I need to do nothing of the sort. Origen speaks of Adam as the first parent of humanity and the source of original sin. Yes, he entertained the figurative approach and that's his prerogative but clearly he took Adam literally.
I would need to see the original argument Philis is referring to to know if it was a straw man or not, but I was replying to your response to her first point, that the church fathers had different interpretations of the creation account. Pointing out literal interpretations of Adam and the fall does not take from the figurative interpretation of the creation days and even if figurative interpretations of Adam were rarer than for the creation days, we still have at least one church father, Origen who interpreted him figuratively.
You keep telling me what I need to do as if simply not believing the Genesis account of creation makes you some kind of an authority. Philis is using a strawman argument, that is the error in the argument. She is making a straw man argument that you are defending by begging the question of proof.
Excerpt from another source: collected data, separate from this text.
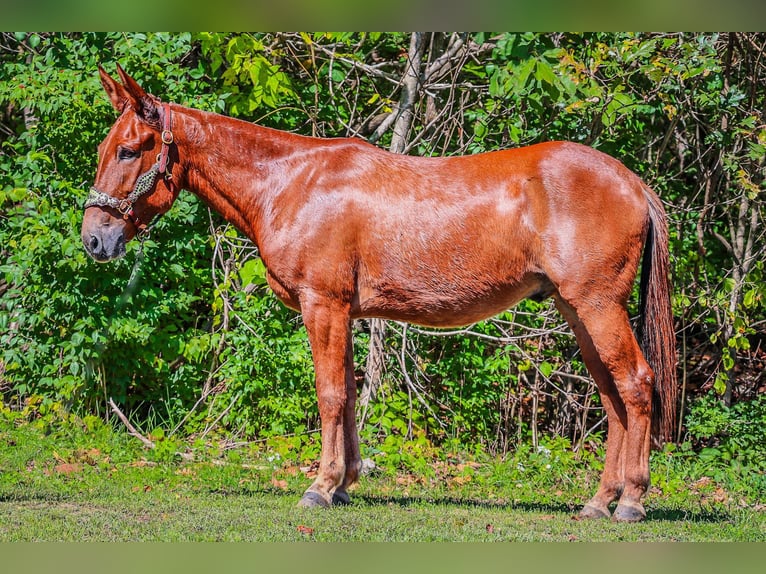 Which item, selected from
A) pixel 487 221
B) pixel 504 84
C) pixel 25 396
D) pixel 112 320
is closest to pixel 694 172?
pixel 504 84

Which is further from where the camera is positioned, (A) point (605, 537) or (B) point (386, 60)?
(B) point (386, 60)

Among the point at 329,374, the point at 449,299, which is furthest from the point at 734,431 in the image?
the point at 329,374

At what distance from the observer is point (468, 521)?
552 cm

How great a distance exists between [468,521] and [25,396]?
573 cm

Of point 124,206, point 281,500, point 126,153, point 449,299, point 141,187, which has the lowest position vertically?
point 281,500

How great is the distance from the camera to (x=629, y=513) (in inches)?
215

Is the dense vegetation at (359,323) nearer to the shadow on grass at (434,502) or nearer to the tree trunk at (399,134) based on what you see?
the tree trunk at (399,134)

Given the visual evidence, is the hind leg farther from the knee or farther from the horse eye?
the horse eye

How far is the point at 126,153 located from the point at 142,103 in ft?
1.14

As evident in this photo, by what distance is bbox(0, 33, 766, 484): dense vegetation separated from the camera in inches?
320

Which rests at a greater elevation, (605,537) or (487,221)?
(487,221)

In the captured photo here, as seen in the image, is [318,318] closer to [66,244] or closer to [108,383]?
[66,244]

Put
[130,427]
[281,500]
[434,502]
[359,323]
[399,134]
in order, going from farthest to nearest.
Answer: [359,323] → [130,427] → [399,134] → [434,502] → [281,500]

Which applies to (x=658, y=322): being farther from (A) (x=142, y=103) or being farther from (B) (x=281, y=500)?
(A) (x=142, y=103) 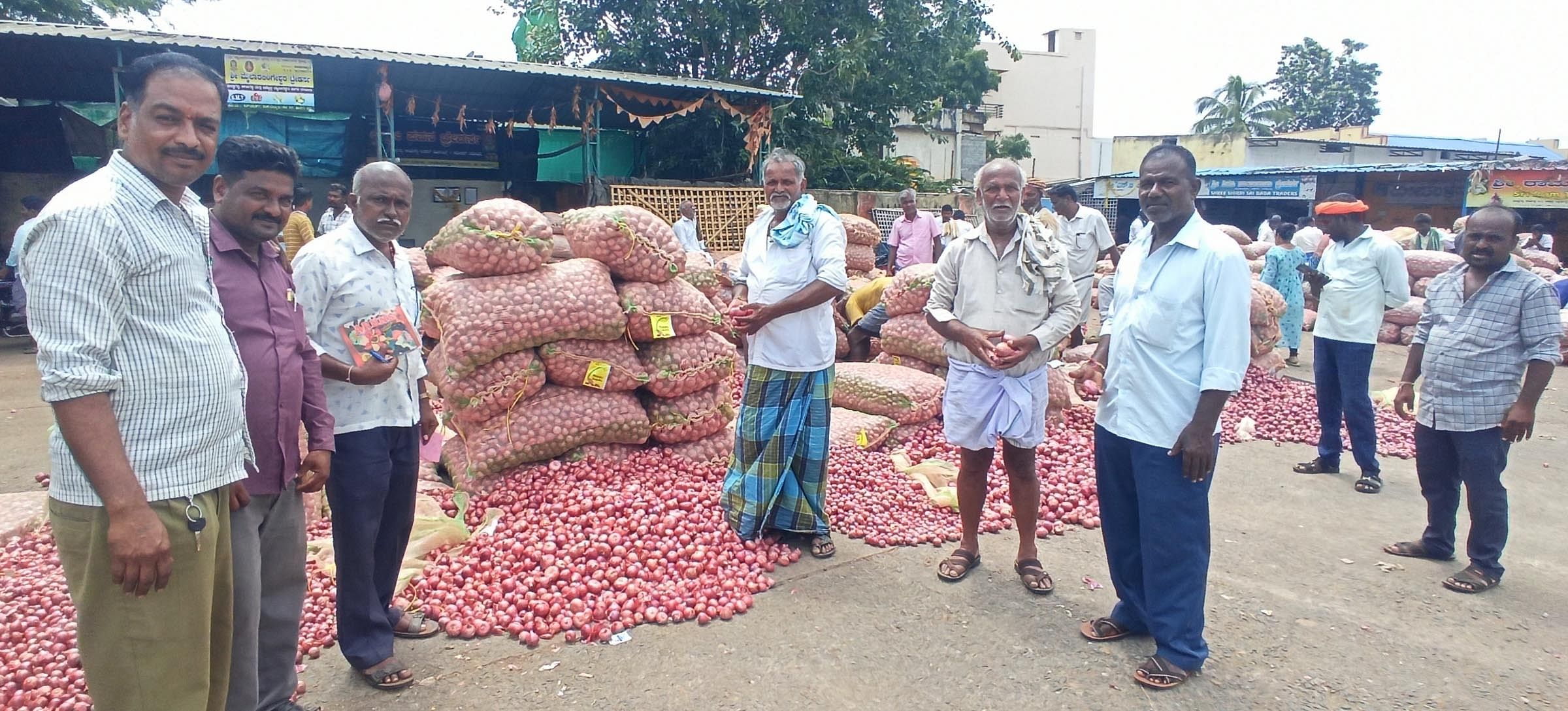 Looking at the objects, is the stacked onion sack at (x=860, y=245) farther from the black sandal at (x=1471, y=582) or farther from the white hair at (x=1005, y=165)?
the black sandal at (x=1471, y=582)

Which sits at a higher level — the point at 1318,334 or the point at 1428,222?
the point at 1428,222

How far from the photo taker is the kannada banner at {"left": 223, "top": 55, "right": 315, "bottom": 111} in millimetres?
10242

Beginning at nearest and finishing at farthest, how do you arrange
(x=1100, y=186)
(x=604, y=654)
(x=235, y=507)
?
(x=235, y=507) → (x=604, y=654) → (x=1100, y=186)

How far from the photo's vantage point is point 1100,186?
25141 millimetres

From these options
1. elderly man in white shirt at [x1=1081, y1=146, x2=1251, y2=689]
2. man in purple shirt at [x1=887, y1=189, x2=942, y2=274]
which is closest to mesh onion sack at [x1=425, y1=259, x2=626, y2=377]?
elderly man in white shirt at [x1=1081, y1=146, x2=1251, y2=689]

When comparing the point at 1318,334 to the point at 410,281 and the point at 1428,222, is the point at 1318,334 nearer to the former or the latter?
the point at 410,281

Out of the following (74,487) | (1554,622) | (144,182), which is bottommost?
(1554,622)

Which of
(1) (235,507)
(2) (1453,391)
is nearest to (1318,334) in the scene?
(2) (1453,391)

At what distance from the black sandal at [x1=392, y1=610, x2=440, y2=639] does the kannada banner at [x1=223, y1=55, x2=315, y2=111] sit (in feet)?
31.2

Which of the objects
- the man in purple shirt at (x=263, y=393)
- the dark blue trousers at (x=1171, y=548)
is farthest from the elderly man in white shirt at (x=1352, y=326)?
the man in purple shirt at (x=263, y=393)

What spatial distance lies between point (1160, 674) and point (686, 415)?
103 inches

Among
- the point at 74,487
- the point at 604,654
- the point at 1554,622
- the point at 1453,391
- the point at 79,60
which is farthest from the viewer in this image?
the point at 79,60

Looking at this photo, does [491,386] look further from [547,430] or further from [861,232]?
[861,232]

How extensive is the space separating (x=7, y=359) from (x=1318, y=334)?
38.4 feet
I don't know where you get the nerve to pontificate to me as if I were subservient to you or somehow less informed. The TEs on here are blatant in their fallacious arguments and consumed with their own private interpretations that are contrary to the clear testimony of Moses and Paul on this matter.
Origen took Adam literally because Paul did, it's as simple as that. When dealing with skeptics he complained that the room for a figurative interpretation is never made. Yes, he warned against a rigid literalism that he regarded as ignorant but with regards to the sin of Adam he is not speaking of him as a figure of humanity. He is speaking of him as the Scriptures present him, the first parent of humanity.
I'm dizzy chasing this one for the umpteenth time around the mulberry bush. Thanks for the exchange, if you get some fresh material let me know.